Using dask with iris

Below I'm attempting to calculate the annual mean timeseries for data sufficiently large that without using dask I get a memory error.

Prepare cube


In [1]:
import warnings
warnings.filterwarnings('ignore')

import glob
import iris
from iris.experimental.equalise_cubes import equalise_attributes
import iris.coord_categorisation

In [2]:
infiles = glob.glob('/g/data/ua6/DRSv3/CMIP5/CCSM4/historical/mon/ocean/r1i1p1/thetao/latest/thetao_Omon_CCSM4_historical_r1i1p1_??????-??????.nc')
infiles.sort()

In [3]:
cube_list = iris.load(infiles)

In [4]:
cube_list


Out[4]:
[<iris 'Cube' of sea_water_potential_temperature / (K) (time: 120; depth: 60; cell index along second dimension: 384; cell index along first dimension: 320)>,
<iris 'Cube' of sea_water_potential_temperature / (K) (time: 120; depth: 60; cell index along second dimension: 384; cell index along first dimension: 320)>,
<iris 'Cube' of sea_water_potential_temperature / (K) (time: 120; depth: 60; cell index along second dimension: 384; cell index along first dimension: 320)>,
<iris 'Cube' of sea_water_potential_temperature / (K) (time: 120; depth: 60; cell index along second dimension: 384; cell index along first dimension: 320)>,
<iris 'Cube' of sea_water_potential_temperature / (K) (time: 120; depth: 60; cell index along second dimension: 384; cell index along first dimension: 320)>,
<iris 'Cube' of sea_water_potential_temperature / (K) (time: 120; depth: 60; cell index along second dimension: 384; cell index along first dimension: 320)>,
<iris 'Cube' of sea_water_potential_temperature / (K) (time: 120; depth: 60; cell index along second dimension: 384; cell index along first dimension: 320)>,
<iris 'Cube' of sea_water_potential_temperature / (K) (time: 120; depth: 60; cell index along second dimension: 384; cell index along first dimension: 320)>,
<iris 'Cube' of sea_water_potential_temperature / (K) (time: 120; depth: 60; cell index along second dimension: 384; cell index along first dimension: 320)>,
<iris 'Cube' of sea_water_potential_temperature / (K) (time: 120; depth: 60; cell index along second dimension: 384; cell index along first dimension: 320)>,
<iris 'Cube' of sea_water_potential_temperature / (K) (time: 120; depth: 60; cell index along second dimension: 384; cell index along first dimension: 320)>,
<iris 'Cube' of sea_water_potential_temperature / (K) (time: 120; depth: 60; cell index along second dimension: 384; cell index along first dimension: 320)>,
<iris 'Cube' of sea_water_potential_temperature / (K) (time: 120; depth: 60; cell index along second dimension: 384; cell index along first dimension: 320)>,
<iris 'Cube' of sea_water_potential_temperature / (K) (time: 120; depth: 60; cell index along second dimension: 384; cell index along first dimension: 320)>,
<iris 'Cube' of sea_water_potential_temperature / (K) (time: 120; depth: 60; cell index along second dimension: 384; cell index along first dimension: 320)>,
<iris 'Cube' of sea_water_potential_temperature / (K) (time: 72; depth: 60; cell index along second dimension: 384; cell index along first dimension: 320)>]

In [5]:
equalise_attributes(cube_list)

In [6]:
cube = cube_list.concatenate_cube()

In [7]:
iris.coord_categorisation.add_year(cube, 'time')
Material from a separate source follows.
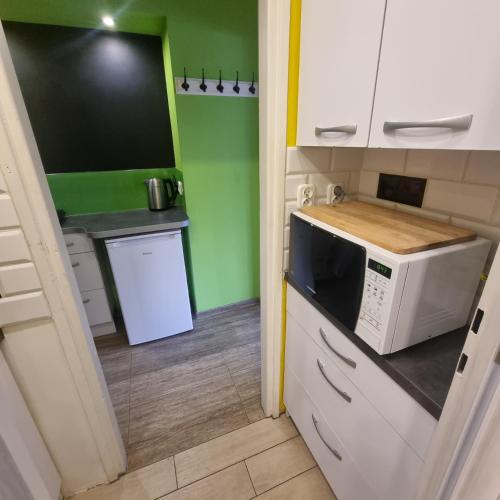 una cucina con forno a microonde e una cucina con pareti verdi di Orange Apartment Kraków a Cracovia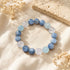 Beaded crystal bracelet featuring blue, aqua, and clear round stones, stretch bracelet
Using dask for the memory intensive calculation


In [8]:
from dask.distributed import LocalCluster
from dask.distributed import Client

In [9]:
cluster = LocalCluster(n_workers=4)
cluster



In [10]:
client = Client(cluster)
client


Out[10]:

Client

Cluster

  • Workers: 4
  • Cores: 8
  • Memory: 33.67 GB

In [ ]:
test = cube.aggregated_by(['year'], iris.analysis.MEAN)

The kernel always dies trying to execute test = ... above, which I'm assuming is due to insufficient RAM to do the calculation.


In [ ]: